It is with great personal delight that I share the wonderful announcement that the New York Dance and Performance Awards (The Bessies) will honor dance historian Nancy Reynolds with the 2013 Bessie Award for Outstanding Service to the Field of Dance.The ceremony will take place on Monday, October 7, at the Apollo Theater in New York City. I attended the Bessies three years ago at Symphony Space. It’s a party.
Nancy Reynolds, a friend and colleague over recent years, blends a no-nonsense approach with warmth and intellectual rigor. No dance writer could have a more solid foundation in the art form; Nancy was a member of the corps of York City Ballet for five years before starting her second career as editor/author. Her books include Repertory in Review: Forty Years of the New York City Ballet, The Dance Catalog, In Performance, and Choreography by George Balanchine: a Catalogue of Works, for which she was research director. She was also research director for Balanchine, a two-part documentary for PBS and was an editor of the multi-volume International Encyclopedia of Dance (New York and Oxford: Oxford University Press, 1998). Her book No Fixed Points: Dance in the Twentieth Century, a comprehensive history (co-authored with Malcolm McCormick), was published by Yale University Press in 2003.

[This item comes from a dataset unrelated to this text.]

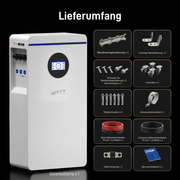 Lieferumfang von WattCycle 48V 314Ah 16kWh LiFePO4 Batteriespeicher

Since becoming director of research for The George Balanchine Foundation in 1994, Ms. Reynolds has directed multiple documentation and preservation projects for the George Balanchine Foundation Video Archives. It was in this context that I met and interviewed Nancy, while sitting in on her filming of our wonderful Los Angeles ballet instructor, Yvonne Mounsey (subsequently passed away), as she coached dancer Melissa Barak in the role of the Siren in Balanchine’s “The Prodigal Son.”
My Los Angeles Times story here.
The Bessies are named after the beloved dance educator Bessie Schonberg, who taught and mentored generations of dancers for over six decades.
Congratulations, Nancy Reynolds, and thank you BESSIE awards for recognizing the critical role of writers, thinkers and archivists as we process dance’s great century, the twentieth.